* **TASK TO COMPLETE**
Images are not part of the copy; transcribe all the data exactly.

* **PROVIDED MATERIAL**
□ □ □ □ □

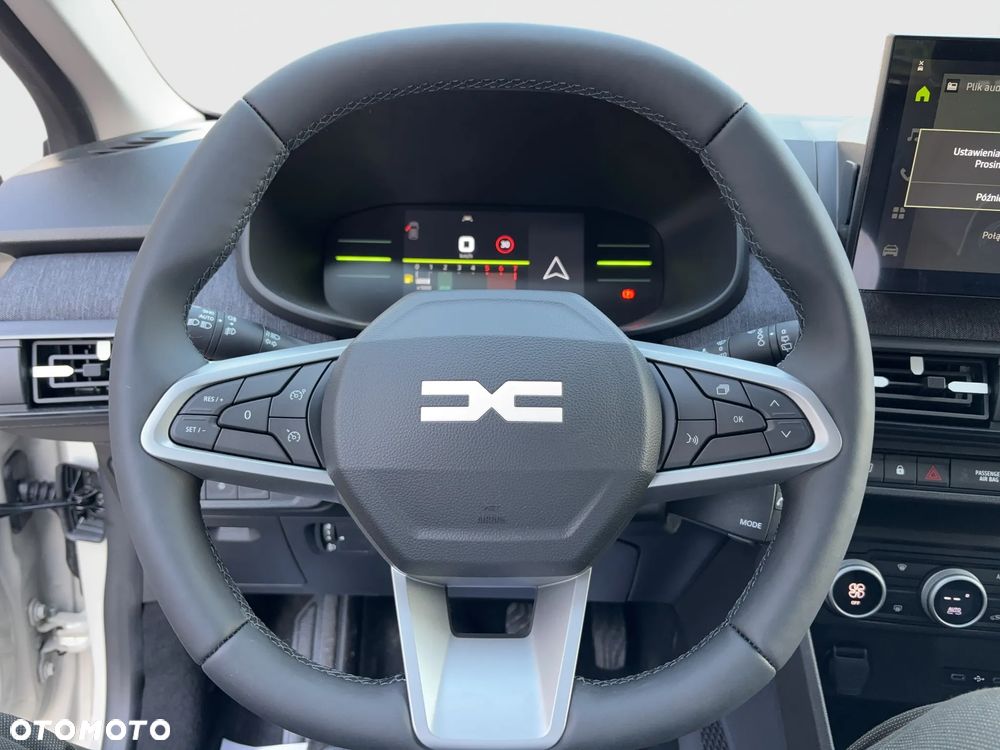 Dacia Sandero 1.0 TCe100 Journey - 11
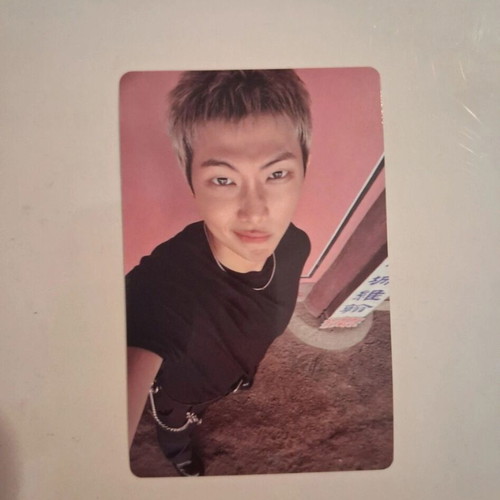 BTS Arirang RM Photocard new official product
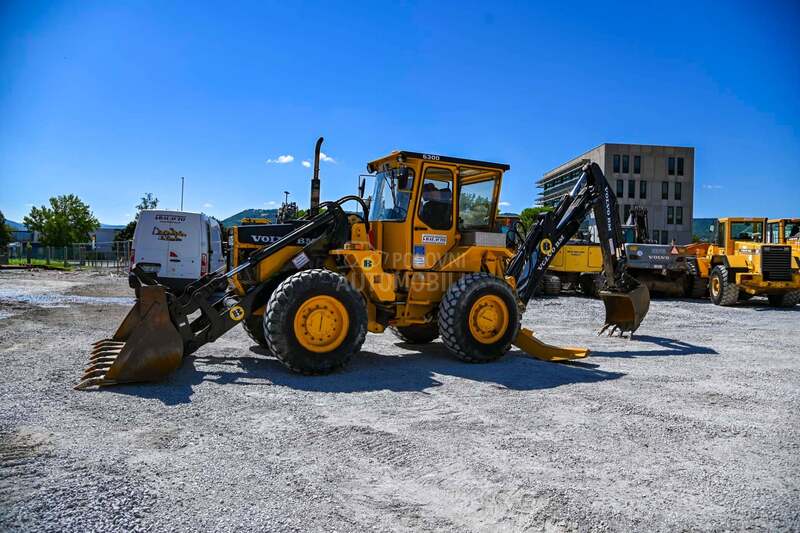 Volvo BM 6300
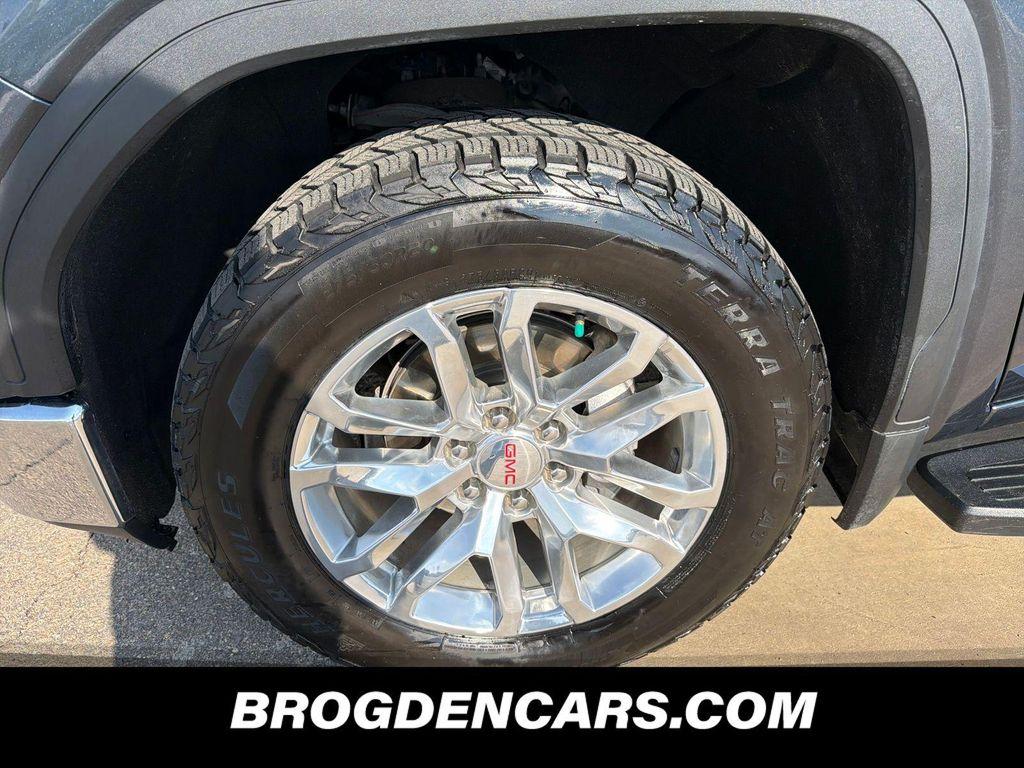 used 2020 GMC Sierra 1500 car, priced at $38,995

□ □ □ □ □

* **EXERCISE OUTPUT**
 Dacia Sandero 1.0 TCe100 Journey - 11
 BTS Arirang RM Photocard new official product
 Volvo BM 6300
 used 2020 GMC Sierra 1500 car, priced at $38,995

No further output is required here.